Please give the listing again in full, leaving out its images.

Supplied material:
━━━

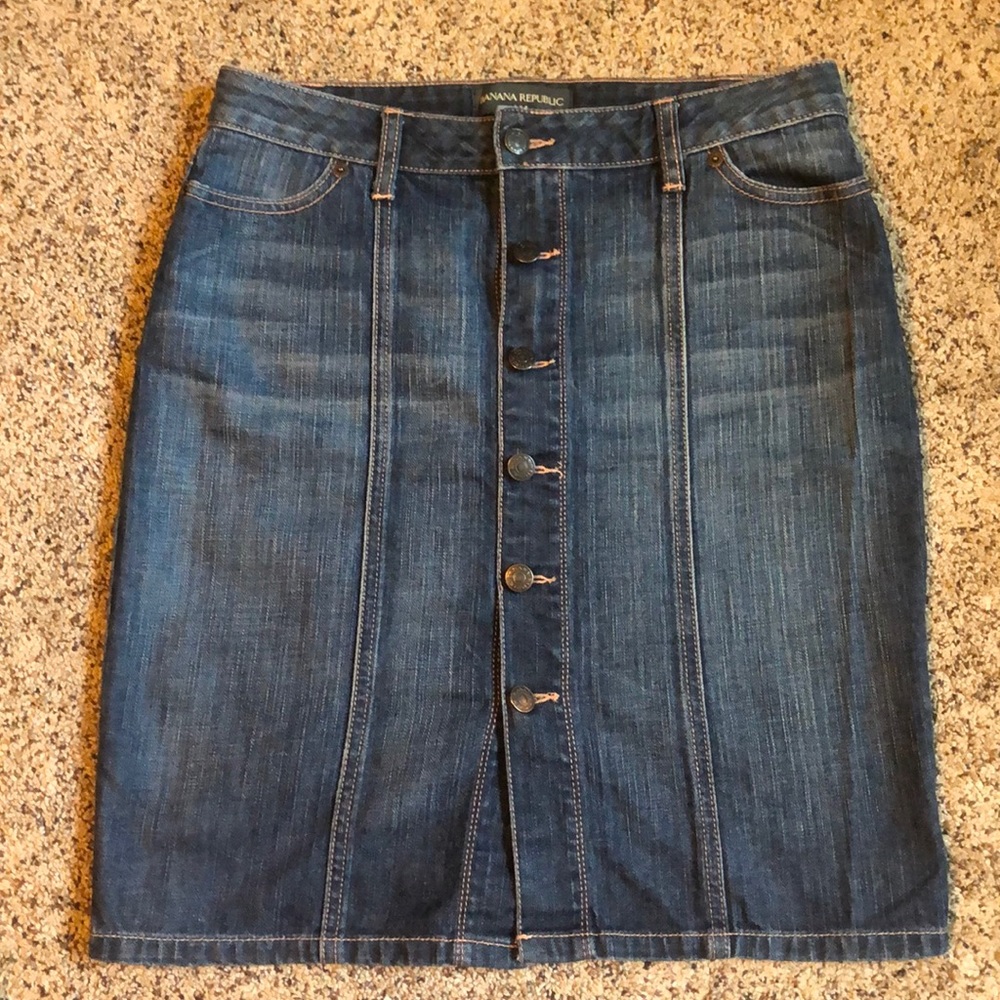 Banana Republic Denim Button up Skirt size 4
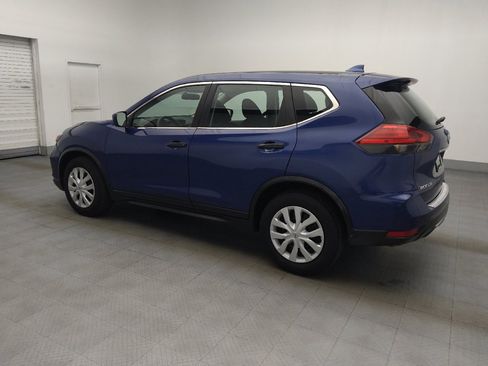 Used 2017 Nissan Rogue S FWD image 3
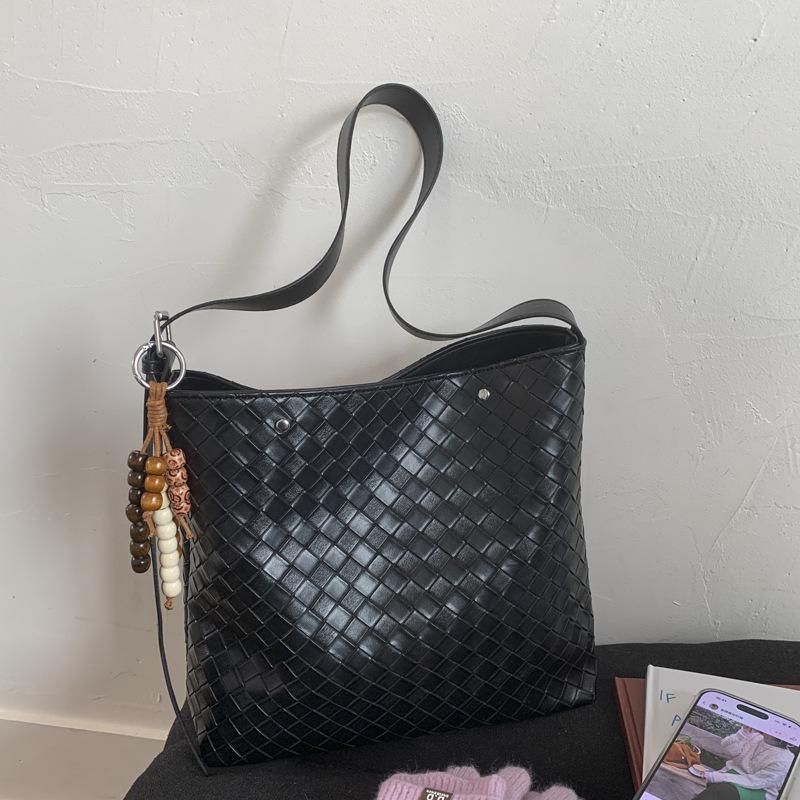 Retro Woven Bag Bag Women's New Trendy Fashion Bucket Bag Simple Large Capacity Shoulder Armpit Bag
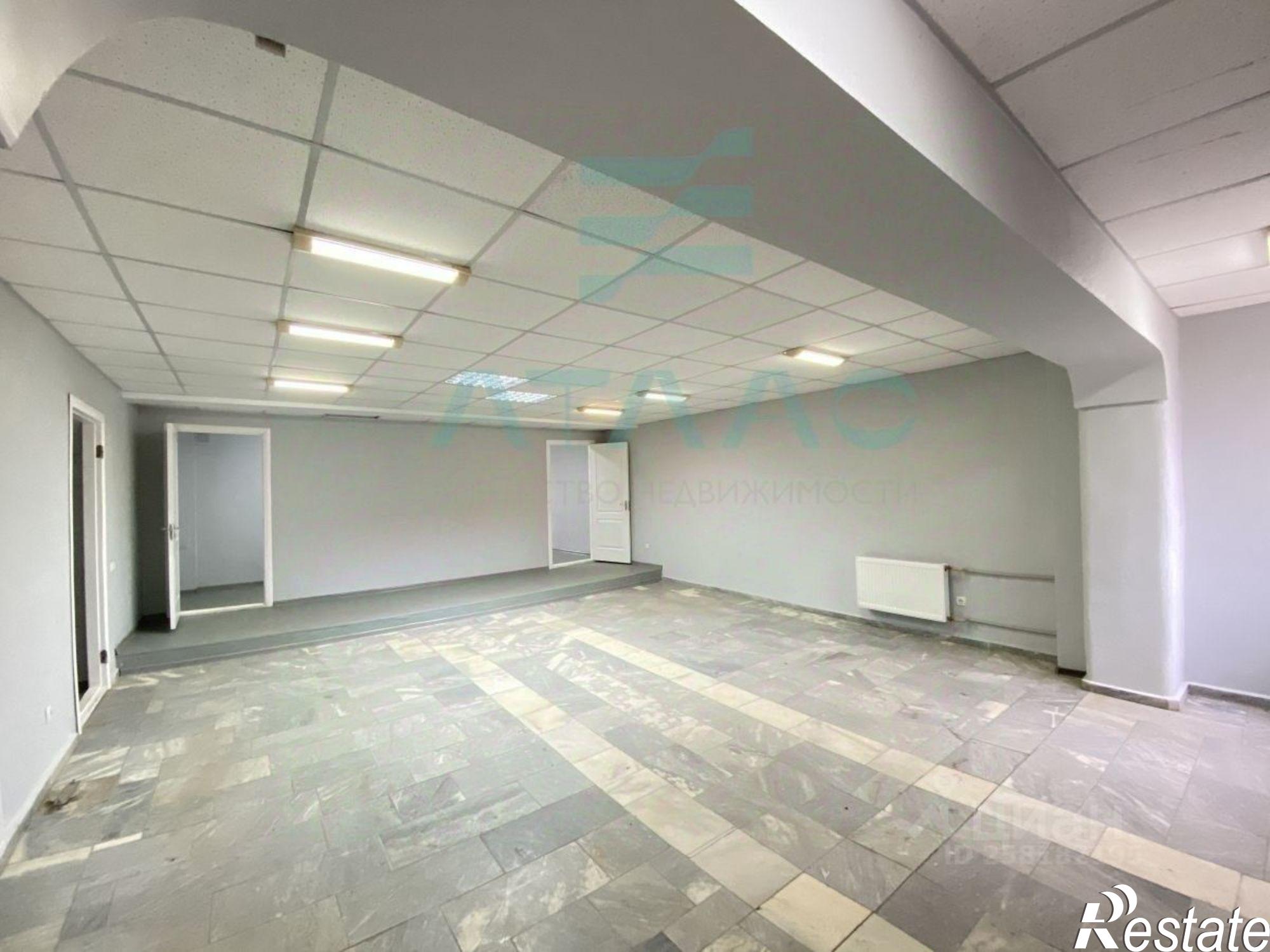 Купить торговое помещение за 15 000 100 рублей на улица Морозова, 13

━━━

Answer to this exercise:
 Banana Republic Denim Button up Skirt size 4
 Used 2017 Nissan Rogue S FWD image 3
 Retro Woven Bag Bag Women's New Trendy Fashion Bucket Bag Simple Large Capacity Shoulder Armpit Bag
 Купить торговое помещение за 15 000 100 рублей на улица Морозова, 13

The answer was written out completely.